Allan und Barbara Pease behaupten etwa in ihrem Bestseller „Warum Männer nicht zuhören und Frauen schlecht einparken“, dass Frauen überhaupt keine Raumareale im Gehirn besäßen. Und dies ist keineswegs ein harmloses Auf-die-Schippe-Nehmen der Geschlechter. Das Herunterrattern von vermeintlich großen Geschlechtsunterschieden zementiere Stereotype und beeinflusse das Verhalten und die Leistung, glaubt Cordelia Fine. So ist das Lösen von Matheaufgaben bei Frauen abhängig davon, wie sie auf den Test vorbereitet werden, in welchem Kontext so ein Test stattfindet.
Wird ihnen etwa gesagt, dass es genetische Unterschiede beim Matheverständnis gäbe oder ist der Testraum voller Männer, oder auch wenn die Probandinnen nur ein Häkchen bei Mann oder Frau machen müssen, schneiden sie schlechter ab, als wenn es keine sogenannte Stereotypbedrohung gibt.
Das Einpark-Problem
Ähnliches belegte eine Studie der Ruhr-Universität im Jahr 2010: Frauen parkten im Durchschnitt nicht so gekonnt ein wie Männer ein, aber selbstbewusste Frauen schnitten ebenso gut ab wie das männliche Geschlecht. Aber warum ziehen sich vor allem auch Frauen, ohne aufzumucken, dieses mentale Korsett an? Warum leben so viele moderne Paare wie eine spießige Kleinfamilie, in der die Frau für Küche und Kinder zuständig ist, während der Mann zumindest den Großteil des Einkommens anschafft?

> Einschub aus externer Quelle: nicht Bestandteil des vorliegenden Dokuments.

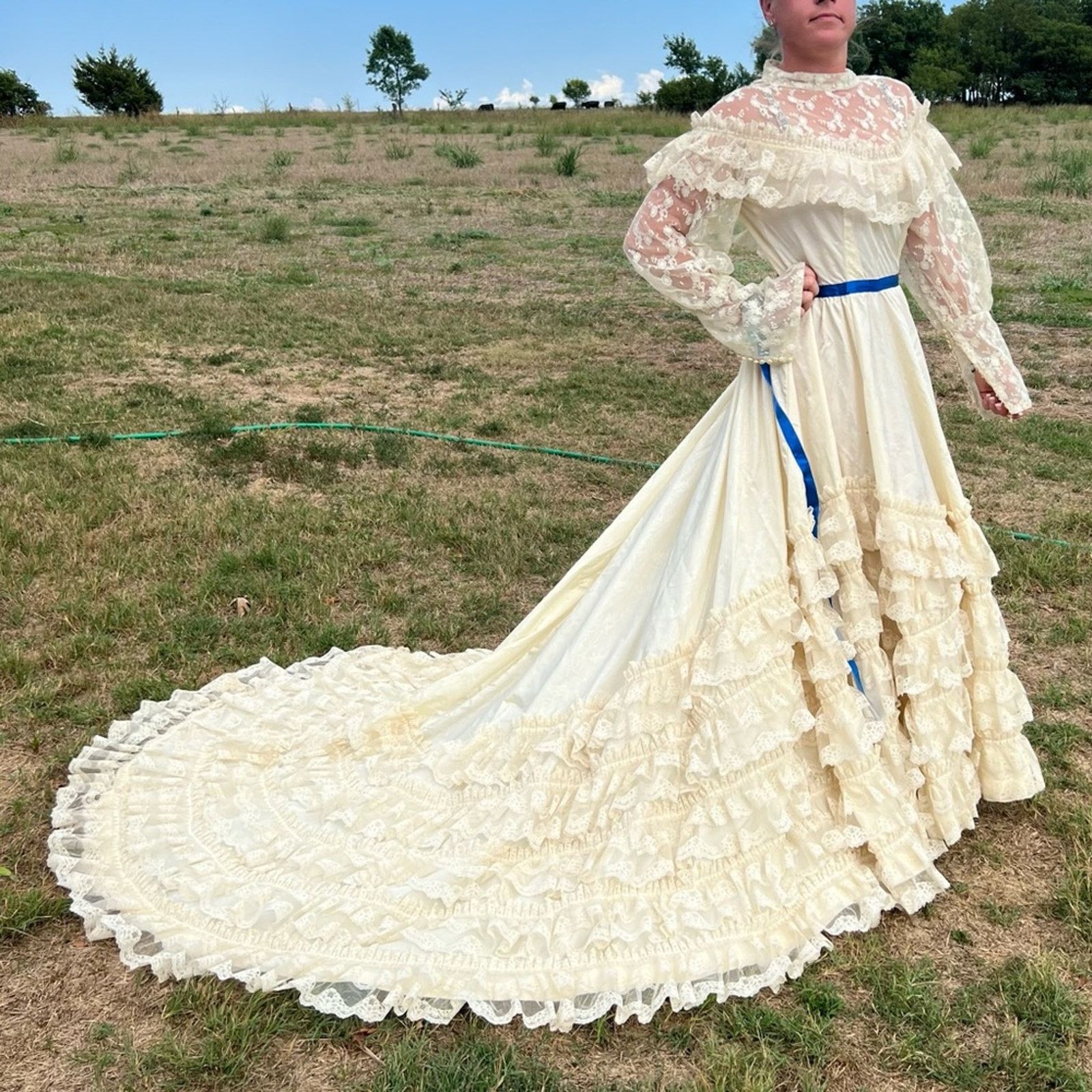 image of Vintage Boho Prairie Style Tiered Lace Wedding Dress Illusion Lace in Cream, Women's (Size Large)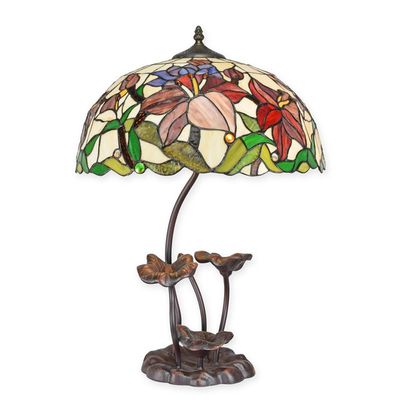 A TIFFANY STYLE TABLE LAMP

Die australische Wissenschaftlerin Fine glaubt: „Frauen nehmen das auch gern an, weil sie sich dann nicht mit den sozialen Strukturen auseinandersetzen müssen, keine ständigen Konflikte vom Zaun brechen wollen. Es ist einfacher, Rollen als naturgegeben hinzunehmen.“
Gerade in Zeiten der wirtschaftlichen Krise, in der große Teile der Mittelschicht sich vor einem sozialen Absturz fürchten, werden tradierte Rollen anscheinend kaum mehr hinterfragt.